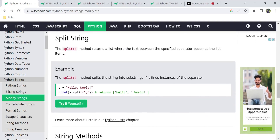Next we have one more thing called the split method. The split method is what we use when we have a string that returns two texts separated by a comma. We get a list of items separated by comma, and we get two different lists.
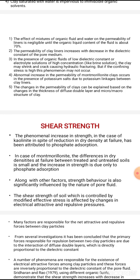The permeability of montmorillonite clay — for example, bentonite — abnormally increases when it comes in contact with potassium salt, due to potassium linkages formed between the clay layers. The changes in permeability of clay can be explained based on the changes in the thickness of the diffuse double layer and the micro or macro structure of clay.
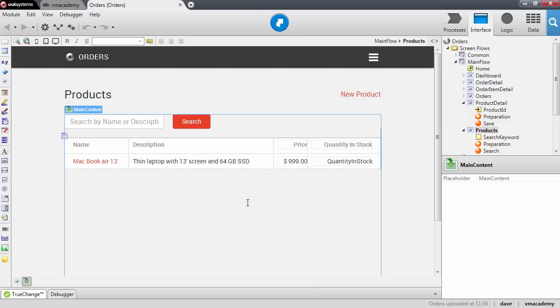In this lesson we will see how to use checkboxes to allow users to specify the value of a boolean attribute.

★ ★ ★ ★

Exercise objective: Write out all of the data above exactly, pictures excluded.

Reply to the task:
Next we have one more thing called the split method. The split method is what we use when we have a string that returns two texts separated by a comma. We get a list of items separated by comma, and we get two different lists.
The permeability of montmorillonite clay — for example, bentonite — abnormally increases when it comes in contact with potassium salt, due to potassium linkages formed between the clay layers. The changes in permeability of clay can be explained based on the changes in the thickness of the diffuse double layer and the micro or macro structure of clay.
In this lesson we will see how to use checkboxes to allow users to specify the value of a boolean attribute.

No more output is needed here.